WHAT THE TASK ASKS:
From the first line of the data below, repeat each line exactly until you reach the line with "美如画!龙马潭十余亩金丝皇菊灿然绽放(图1) 美如画!龙"; include that line too.

(Short text fragments from websites)
+++++

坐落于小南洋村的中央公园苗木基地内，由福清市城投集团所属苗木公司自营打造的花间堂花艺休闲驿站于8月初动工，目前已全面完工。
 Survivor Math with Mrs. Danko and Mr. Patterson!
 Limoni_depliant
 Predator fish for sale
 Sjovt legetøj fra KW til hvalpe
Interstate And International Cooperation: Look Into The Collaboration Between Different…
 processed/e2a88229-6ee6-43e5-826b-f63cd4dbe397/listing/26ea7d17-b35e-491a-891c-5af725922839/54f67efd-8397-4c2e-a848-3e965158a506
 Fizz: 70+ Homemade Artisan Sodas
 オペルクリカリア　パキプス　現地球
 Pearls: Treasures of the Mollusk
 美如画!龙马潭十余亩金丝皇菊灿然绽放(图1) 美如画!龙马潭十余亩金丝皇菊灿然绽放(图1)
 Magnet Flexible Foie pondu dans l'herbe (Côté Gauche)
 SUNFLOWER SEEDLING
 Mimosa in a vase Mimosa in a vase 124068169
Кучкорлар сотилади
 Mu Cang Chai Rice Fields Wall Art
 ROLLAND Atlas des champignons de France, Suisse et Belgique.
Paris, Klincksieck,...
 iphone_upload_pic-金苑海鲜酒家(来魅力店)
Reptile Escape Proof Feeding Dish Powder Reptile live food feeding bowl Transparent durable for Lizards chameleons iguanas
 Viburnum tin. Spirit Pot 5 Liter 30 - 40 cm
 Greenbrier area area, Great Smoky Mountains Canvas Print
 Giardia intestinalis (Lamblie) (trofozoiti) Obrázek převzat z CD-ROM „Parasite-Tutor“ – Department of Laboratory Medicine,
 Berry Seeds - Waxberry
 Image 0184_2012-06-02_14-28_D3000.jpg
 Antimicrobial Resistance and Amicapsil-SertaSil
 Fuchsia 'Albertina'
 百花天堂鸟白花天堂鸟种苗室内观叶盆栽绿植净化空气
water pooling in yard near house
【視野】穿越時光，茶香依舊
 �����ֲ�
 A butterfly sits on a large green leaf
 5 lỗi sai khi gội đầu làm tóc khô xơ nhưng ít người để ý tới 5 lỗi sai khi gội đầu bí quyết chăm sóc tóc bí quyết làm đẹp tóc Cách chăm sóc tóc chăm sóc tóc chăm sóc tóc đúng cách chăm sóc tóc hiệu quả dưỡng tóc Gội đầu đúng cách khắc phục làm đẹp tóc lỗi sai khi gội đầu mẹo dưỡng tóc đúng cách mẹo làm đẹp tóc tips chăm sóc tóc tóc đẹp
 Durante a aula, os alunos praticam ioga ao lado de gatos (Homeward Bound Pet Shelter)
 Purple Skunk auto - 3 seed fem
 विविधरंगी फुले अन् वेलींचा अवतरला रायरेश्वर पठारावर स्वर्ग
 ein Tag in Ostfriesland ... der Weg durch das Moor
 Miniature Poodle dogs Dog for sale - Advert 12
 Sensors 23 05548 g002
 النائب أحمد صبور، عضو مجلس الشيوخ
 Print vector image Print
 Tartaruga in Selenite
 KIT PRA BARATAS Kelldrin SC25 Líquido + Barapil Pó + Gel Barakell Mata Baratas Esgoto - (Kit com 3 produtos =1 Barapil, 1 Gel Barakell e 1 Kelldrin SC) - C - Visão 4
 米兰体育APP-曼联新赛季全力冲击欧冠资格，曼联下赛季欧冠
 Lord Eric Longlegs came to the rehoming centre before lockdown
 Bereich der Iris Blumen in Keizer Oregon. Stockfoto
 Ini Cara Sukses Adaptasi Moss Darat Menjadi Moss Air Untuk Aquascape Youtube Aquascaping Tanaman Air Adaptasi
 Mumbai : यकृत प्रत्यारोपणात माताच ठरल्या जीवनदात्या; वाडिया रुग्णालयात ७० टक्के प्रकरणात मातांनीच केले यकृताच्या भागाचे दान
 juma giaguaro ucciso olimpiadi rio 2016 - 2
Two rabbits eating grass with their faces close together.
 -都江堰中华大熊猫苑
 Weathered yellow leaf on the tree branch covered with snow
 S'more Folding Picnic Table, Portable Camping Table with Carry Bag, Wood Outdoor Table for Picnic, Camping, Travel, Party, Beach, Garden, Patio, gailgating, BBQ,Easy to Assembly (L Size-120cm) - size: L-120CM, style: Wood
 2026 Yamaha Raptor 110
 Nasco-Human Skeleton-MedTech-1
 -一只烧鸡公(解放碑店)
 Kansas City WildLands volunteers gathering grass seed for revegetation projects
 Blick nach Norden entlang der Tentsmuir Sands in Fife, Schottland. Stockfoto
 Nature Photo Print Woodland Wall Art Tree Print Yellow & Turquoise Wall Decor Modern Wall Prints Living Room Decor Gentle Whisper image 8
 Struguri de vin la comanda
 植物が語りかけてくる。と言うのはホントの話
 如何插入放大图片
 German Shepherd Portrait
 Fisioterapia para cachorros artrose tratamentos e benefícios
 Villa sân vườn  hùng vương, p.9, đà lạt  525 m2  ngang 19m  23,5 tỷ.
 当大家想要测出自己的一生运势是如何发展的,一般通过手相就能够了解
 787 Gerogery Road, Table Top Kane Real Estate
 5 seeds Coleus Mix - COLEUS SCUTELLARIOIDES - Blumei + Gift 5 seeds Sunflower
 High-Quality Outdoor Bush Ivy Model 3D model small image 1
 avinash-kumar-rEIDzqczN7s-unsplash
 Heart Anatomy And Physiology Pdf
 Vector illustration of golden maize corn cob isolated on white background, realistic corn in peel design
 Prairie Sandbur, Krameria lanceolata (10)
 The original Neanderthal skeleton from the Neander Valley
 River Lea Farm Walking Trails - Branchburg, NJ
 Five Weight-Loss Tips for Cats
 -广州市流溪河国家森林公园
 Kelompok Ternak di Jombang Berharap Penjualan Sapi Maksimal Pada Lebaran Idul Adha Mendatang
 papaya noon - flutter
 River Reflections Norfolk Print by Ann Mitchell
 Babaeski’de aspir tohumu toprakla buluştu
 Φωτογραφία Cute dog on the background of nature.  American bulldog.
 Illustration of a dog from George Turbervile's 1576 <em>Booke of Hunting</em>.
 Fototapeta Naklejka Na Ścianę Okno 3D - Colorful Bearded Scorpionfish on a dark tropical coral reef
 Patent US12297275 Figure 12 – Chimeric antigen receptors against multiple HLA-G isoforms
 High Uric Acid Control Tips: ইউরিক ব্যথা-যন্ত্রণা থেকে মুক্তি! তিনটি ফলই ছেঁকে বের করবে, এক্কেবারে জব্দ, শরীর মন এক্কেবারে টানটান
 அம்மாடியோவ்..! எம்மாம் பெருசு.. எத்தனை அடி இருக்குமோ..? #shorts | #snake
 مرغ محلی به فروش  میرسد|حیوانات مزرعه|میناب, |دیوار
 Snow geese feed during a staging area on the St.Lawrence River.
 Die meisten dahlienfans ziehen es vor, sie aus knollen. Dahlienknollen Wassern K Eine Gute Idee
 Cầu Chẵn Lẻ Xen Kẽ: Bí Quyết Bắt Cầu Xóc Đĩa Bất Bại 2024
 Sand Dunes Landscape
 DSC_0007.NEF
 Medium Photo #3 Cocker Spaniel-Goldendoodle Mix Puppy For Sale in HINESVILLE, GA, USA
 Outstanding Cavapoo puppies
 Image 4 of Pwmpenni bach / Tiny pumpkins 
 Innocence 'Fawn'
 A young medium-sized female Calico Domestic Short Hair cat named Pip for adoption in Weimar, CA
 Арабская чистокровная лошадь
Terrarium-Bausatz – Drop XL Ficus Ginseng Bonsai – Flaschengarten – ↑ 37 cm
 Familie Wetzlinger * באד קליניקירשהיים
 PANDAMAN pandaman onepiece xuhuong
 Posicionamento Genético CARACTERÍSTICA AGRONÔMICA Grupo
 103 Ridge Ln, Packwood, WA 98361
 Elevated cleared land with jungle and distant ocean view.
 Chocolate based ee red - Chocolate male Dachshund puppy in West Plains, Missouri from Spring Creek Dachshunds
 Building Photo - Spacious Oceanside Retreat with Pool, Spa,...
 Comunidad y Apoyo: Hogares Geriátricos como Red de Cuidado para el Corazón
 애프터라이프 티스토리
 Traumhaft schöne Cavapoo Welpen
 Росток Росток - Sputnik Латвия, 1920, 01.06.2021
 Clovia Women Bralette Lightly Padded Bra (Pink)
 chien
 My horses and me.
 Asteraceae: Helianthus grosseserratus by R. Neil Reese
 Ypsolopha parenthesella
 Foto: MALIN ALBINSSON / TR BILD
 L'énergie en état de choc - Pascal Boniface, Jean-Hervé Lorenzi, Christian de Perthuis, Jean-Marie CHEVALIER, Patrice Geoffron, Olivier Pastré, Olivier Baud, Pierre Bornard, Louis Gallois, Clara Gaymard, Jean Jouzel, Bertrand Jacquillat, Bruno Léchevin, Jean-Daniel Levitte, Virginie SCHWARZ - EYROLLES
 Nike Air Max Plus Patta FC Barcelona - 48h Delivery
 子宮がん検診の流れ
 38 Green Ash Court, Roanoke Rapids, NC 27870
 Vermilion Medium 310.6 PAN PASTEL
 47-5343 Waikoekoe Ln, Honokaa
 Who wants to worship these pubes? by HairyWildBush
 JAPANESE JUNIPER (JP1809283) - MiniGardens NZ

+++++

EXPECTED ANSWER:
坐落于小南洋村的中央公园苗木基地内，由福清市城投集团所属苗木公司自营打造的花间堂花艺休闲驿站于8月初动工，目前已全面完工。
 Survivor Math with Mrs. Danko and Mr. Patterson!
 Limoni_depliant
 Predator fish for sale
 Sjovt legetøj fra KW til hvalpe
Interstate And International Cooperation: Look Into The Collaboration Between Different…
 processed/e2a88229-6ee6-43e5-826b-f63cd4dbe397/listing/26ea7d17-b35e-491a-891c-5af725922839/54f67efd-8397-4c2e-a848-3e965158a506
 Fizz: 70+ Homemade Artisan Sodas
 オペルクリカリア　パキプス　現地球
 Pearls: Treasures of the Mollusk
 美如画!龙马潭十余亩金丝皇菊灿然绽放(图1) 美如画!龙马潭十余亩金丝皇菊灿然绽放(图1)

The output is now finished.